TASK PROMPT → Every line of the data below should be repeated exactly, and no picture should be copied.

AVAILABLE DATA →
<<<<
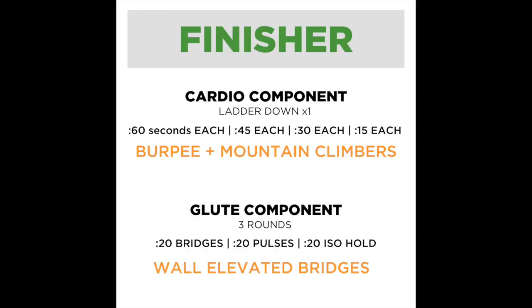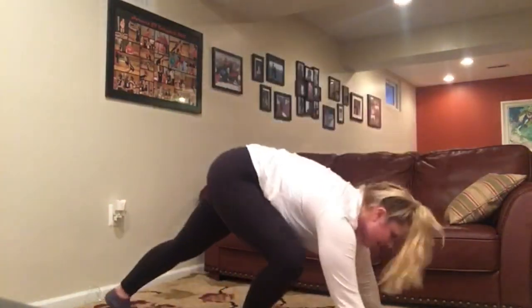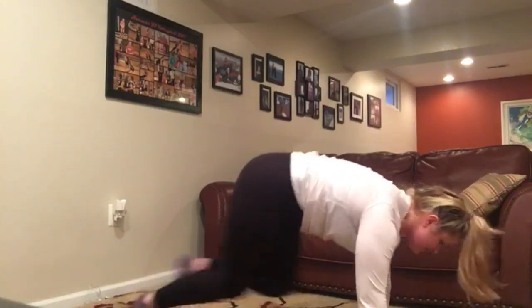Let me go through the finisher. The cardio finisher is a ladder going down in time: 60 seconds of each, 45 seconds of each, 30 seconds of each, and 15 seconds of each — so 60/60, 45/45, 30/30, 15/15. It involves just burpees and mountain climbers. For burpees, big jump at the top pressing that chest down and right back up. For mountain climbers, up in that high plank driving those knees forward, picking up the speed as you go.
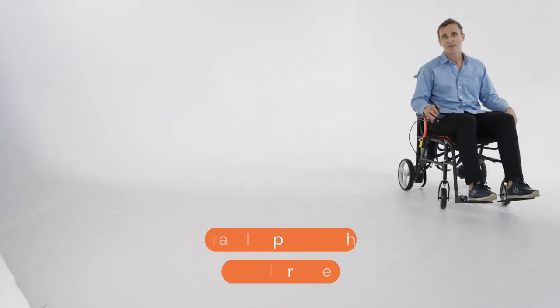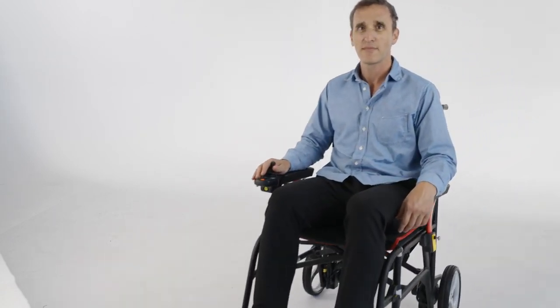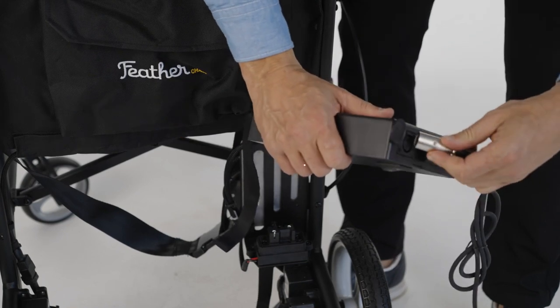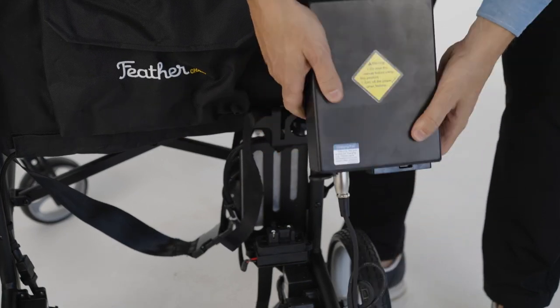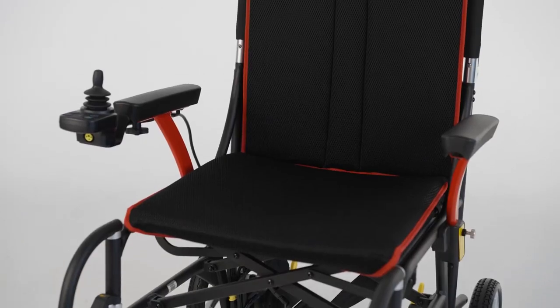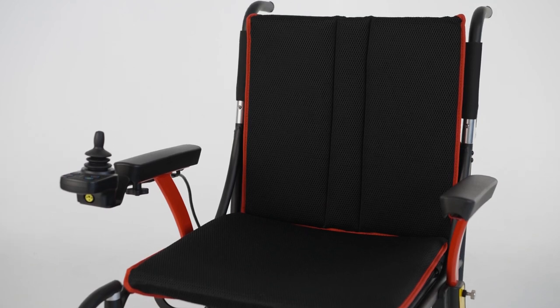The batteries are lithium, so they're airline approved — you can fly with them on an airline. The battery is also 24 volt, and it comes with a charger. All you have to do is charge it around six to seven hours for a full charge, and we recommend if you're using your wheelchair every day, you should charge it every night.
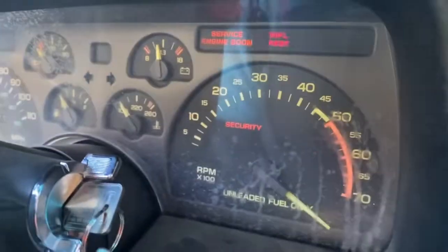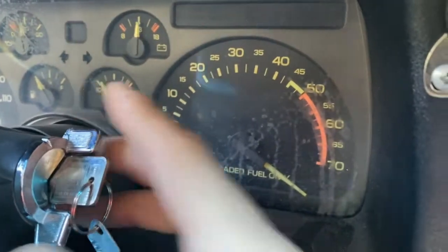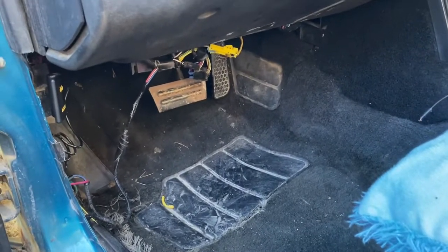Security light should come on and go out — and it does. And she starts right up and idles now, because I've been letting her run for quite a while just to get the dust out, blow the cobwebs out.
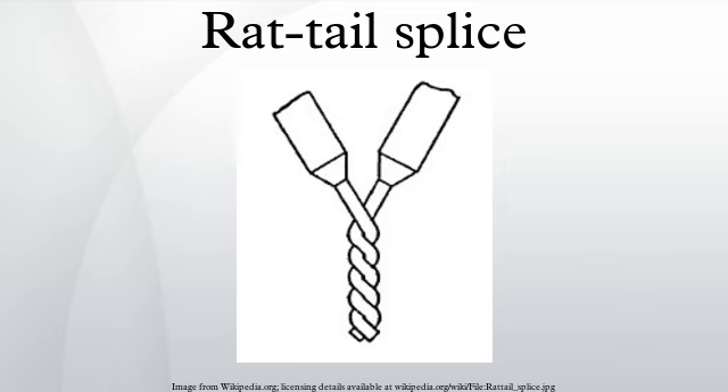Because it is not very strong, the splice is not meant to connect wires that will be pulled or stressed. Rather, it is intended for wires that are protected inside an enclosure or junction box.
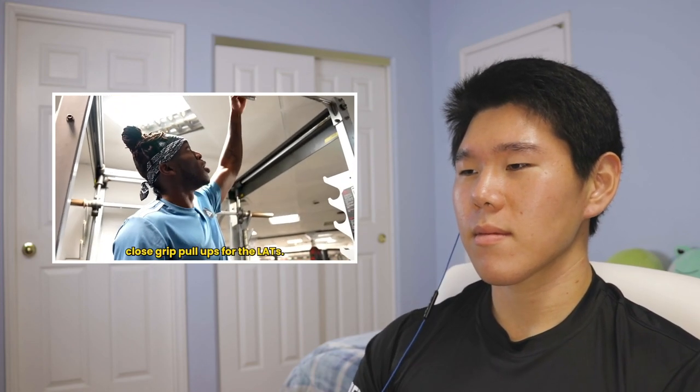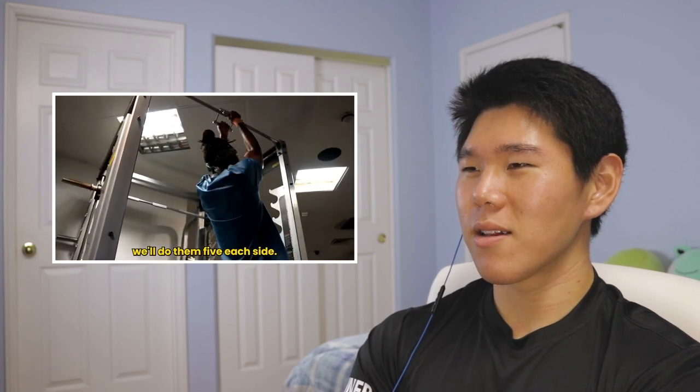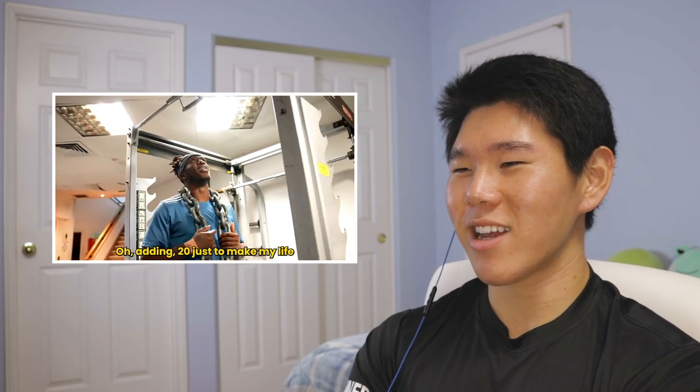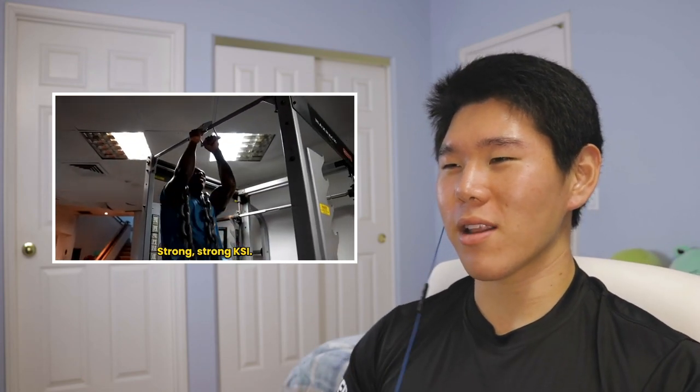Close-grip pull-ups — I've actually never done these, I might start doing them. Pretty impressive with an extra 20 kg added. KSI is not actually the biggest guy, but he is pretty strong. He's very lean, ripped, and strong. Those weight attachments are nice because you can just put them on without needing a belt or anything like that.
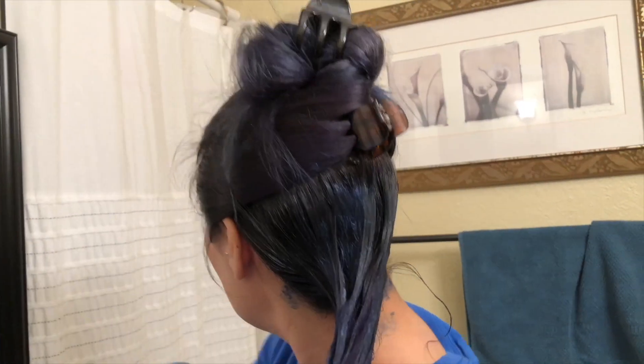Once you finish, if you have any remaining product, you can always save it. So this is my blue hair.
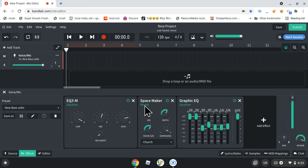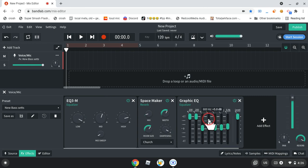Fun fact, this is also on FL. For the space — like the spacemaker — you need the foodie reverb, like, to look for the spacemaker one. And then for the EQM3, it's a plugin.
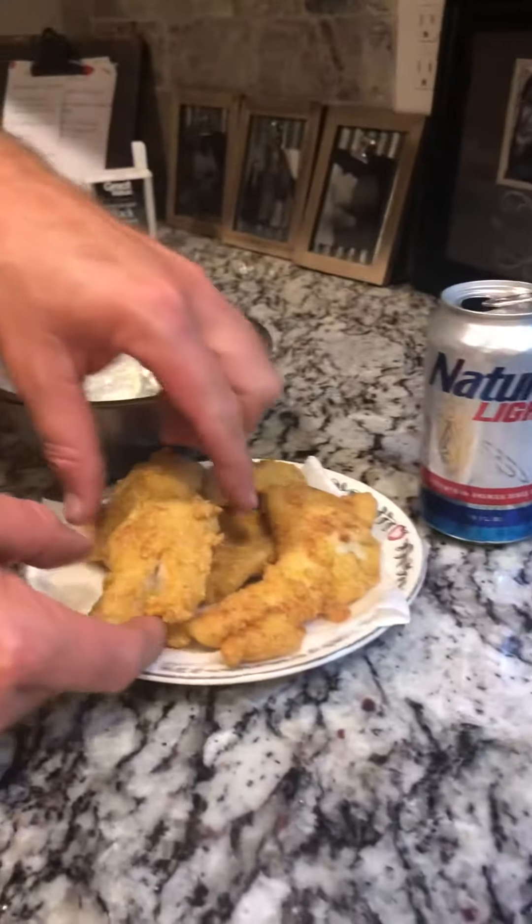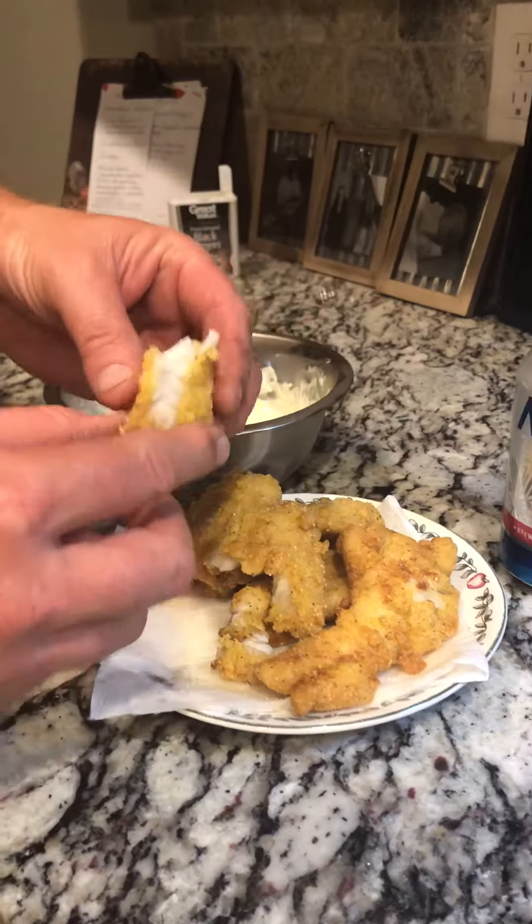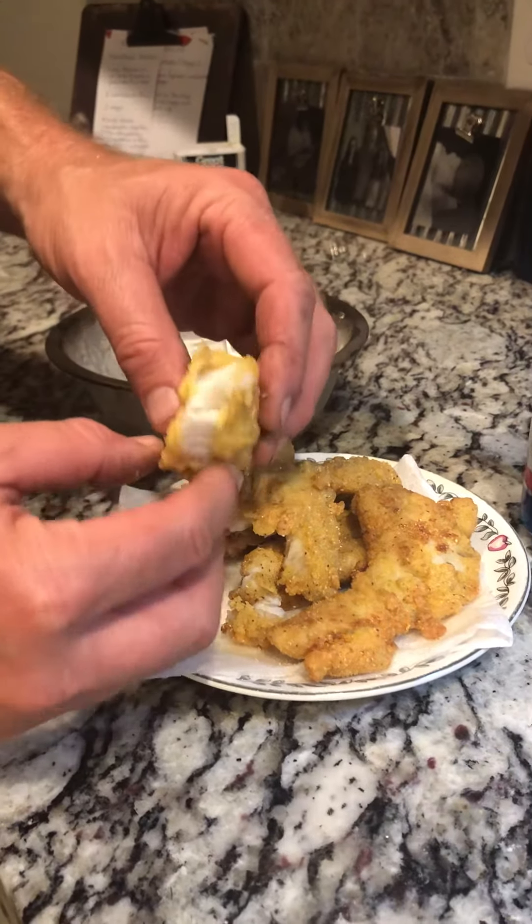Okay, all the fish is done. It's time for a taste test. That's some pretty good fish there, ain't it? I've never really had bass before. This is kind of my first time. It looks good. It's good white and flaky.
>>>>
TASK SOLUTION →
Let me go through the finisher. The cardio finisher is a ladder going down in time: 60 seconds of each, 45 seconds of each, 30 seconds of each, and 15 seconds of each — so 60/60, 45/45, 30/30, 15/15. It involves just burpees and mountain climbers. For burpees, big jump at the top pressing that chest down and right back up. For mountain climbers, up in that high plank driving those knees forward, picking up the speed as you go.
The batteries are lithium, so they're airline approved — you can fly with them on an airline. The battery is also 24 volt, and it comes with a charger. All you have to do is charge it around six to seven hours for a full charge, and we recommend if you're using your wheelchair every day, you should charge it every night.
Security light should come on and go out — and it does. And she starts right up and idles now, because I've been letting her run for quite a while just to get the dust out, blow the cobwebs out.
Because it is not very strong, the splice is not meant to connect wires that will be pulled or stressed. Rather, it is intended for wires that are protected inside an enclosure or junction box.
Close-grip pull-ups — I've actually never done these, I might start doing them. Pretty impressive with an extra 20 kg added. KSI is not actually the biggest guy, but he is pretty strong. He's very lean, ripped, and strong. Those weight attachments are nice because you can just put them on without needing a belt or anything like that.
Once you finish, if you have any remaining product, you can always save it. So this is my blue hair.
Fun fact, this is also on FL. For the space — like the spacemaker — you need the foodie reverb, like, to look for the spacemaker one. And then for the EQM3, it's a plugin.
Okay, all the fish is done. It's time for a taste test. That's some pretty good fish there, ain't it? I've never really had bass before. This is kind of my first time. It looks good. It's good white and flaky.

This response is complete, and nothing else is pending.